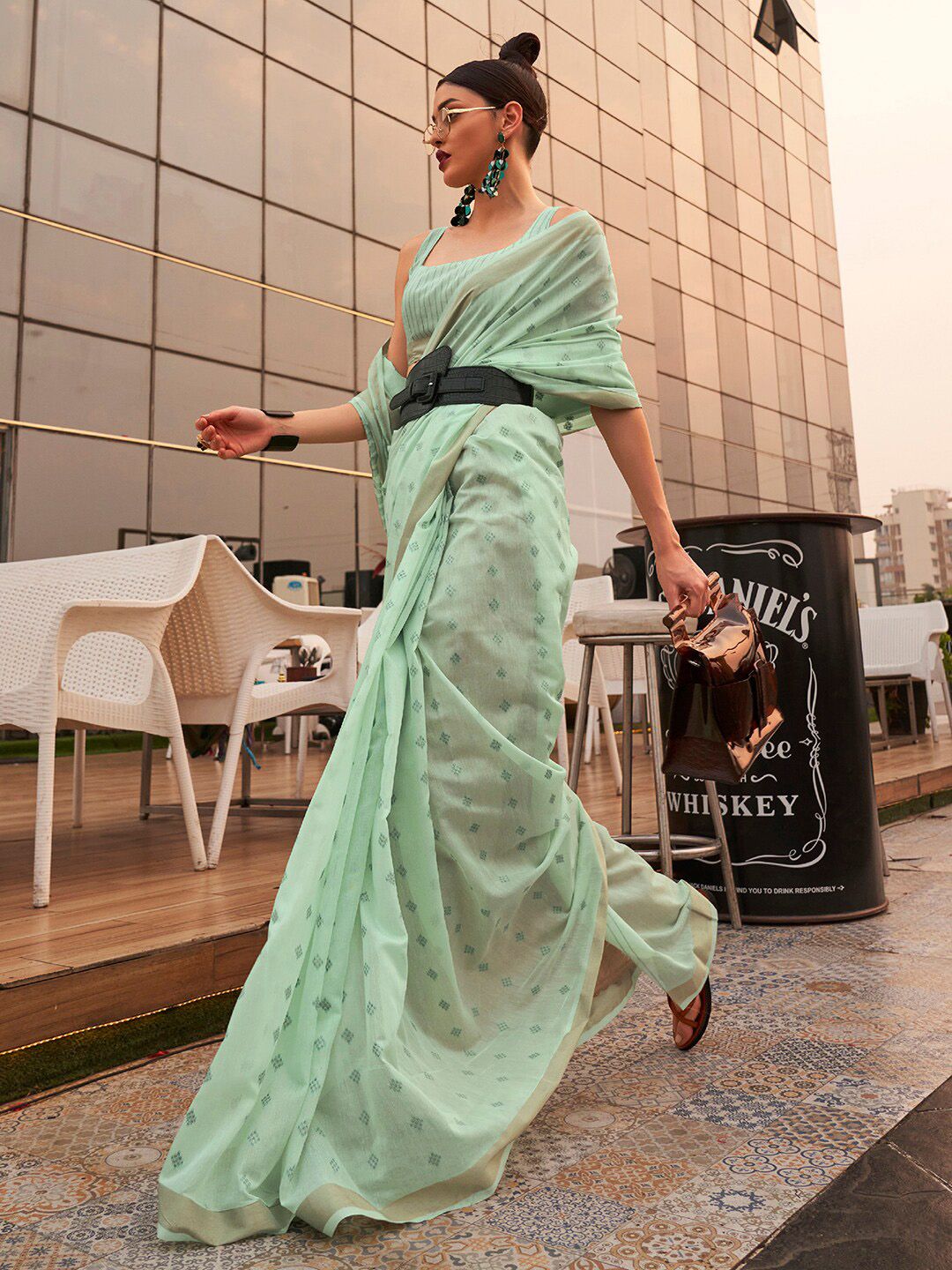 Saree mall Sea Floral Zari Woven Design Banarasi Silk Sarees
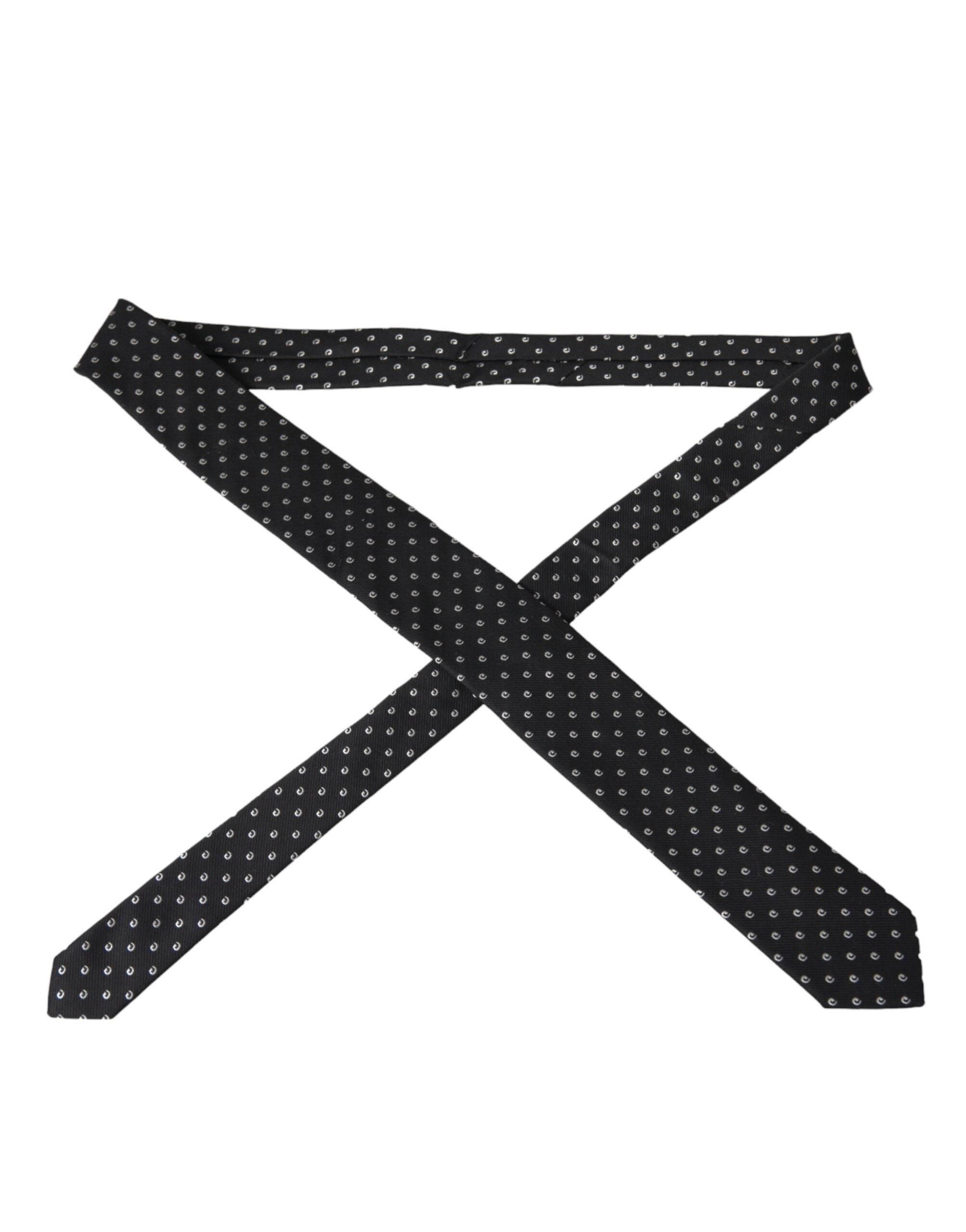 Dolce & Gabbana Black Logo Cotton Blend Adjustable Tie - Hilstor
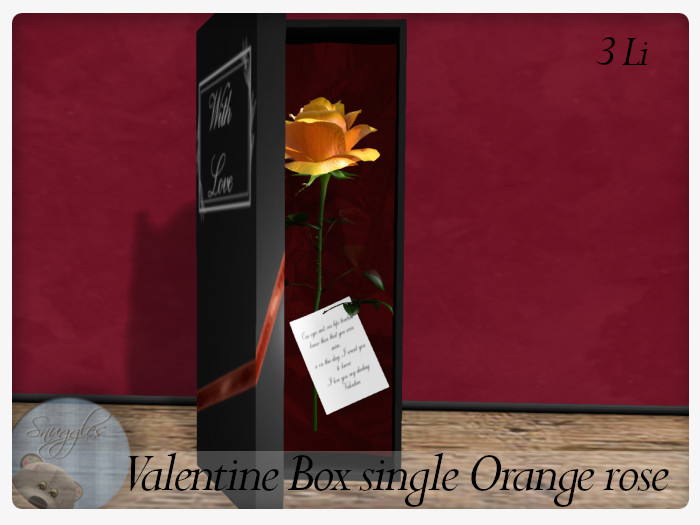 Valentine Box single Orange rose By Snuggles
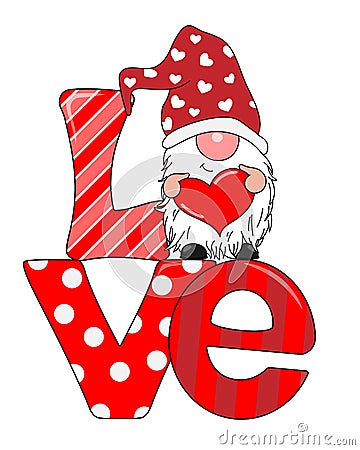 Love card. Gnome with a heart and the letters love. Vector Illustration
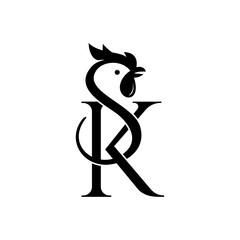 SK logo with chicken head in the letter S 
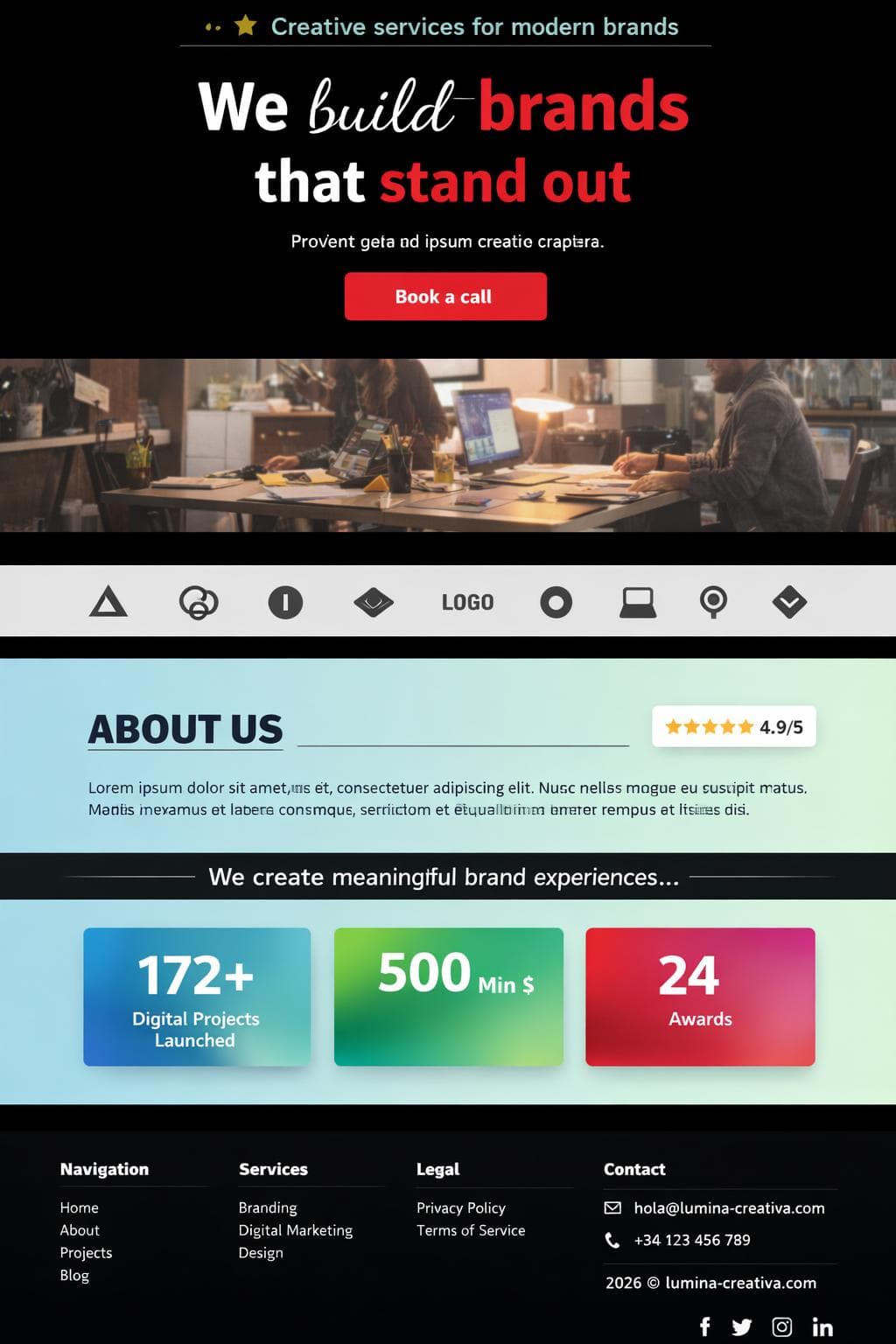Creatividad Rastrojo — vista previa del theme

§ EXERCISE
Each line from the one with "SK logo with chicken head in the letter S" to the last line of the listing should be returned exactly, both ends included, and no picture with them.

§ ANSWER
 SK logo with chicken head in the letter S 
Creatividad Rastrojo — vista previa del theme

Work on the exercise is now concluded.